• _RECORDS SHOWN_:
::::::

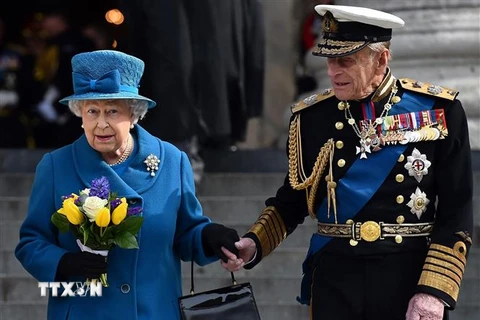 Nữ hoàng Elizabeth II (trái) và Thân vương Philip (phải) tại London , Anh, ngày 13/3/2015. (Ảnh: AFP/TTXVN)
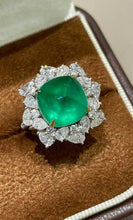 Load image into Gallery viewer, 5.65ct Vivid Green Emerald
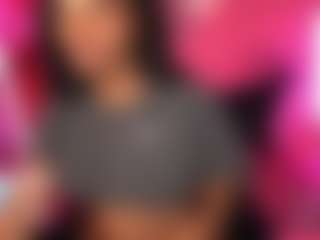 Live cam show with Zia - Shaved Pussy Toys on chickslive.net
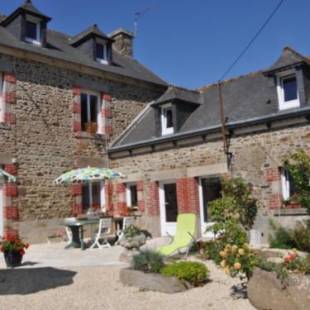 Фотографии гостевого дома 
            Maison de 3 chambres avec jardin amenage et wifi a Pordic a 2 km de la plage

::::::

• _THE TASK_: The material should be duplicated word for word, with no images included.

• _TASK RESULT_:
 Nữ hoàng Elizabeth II (trái) và Thân vương Philip (phải) tại London , Anh, ngày 13/3/2015. (Ảnh: AFP/TTXVN)
 Load image into Gallery viewer, 5.65ct Vivid Green Emerald
 Live cam show with Zia - Shaved Pussy Toys on chickslive.net
 Фотографии гостевого дома 
            Maison de 3 chambres avec jardin amenage et wifi a Pordic a 2 km de la plage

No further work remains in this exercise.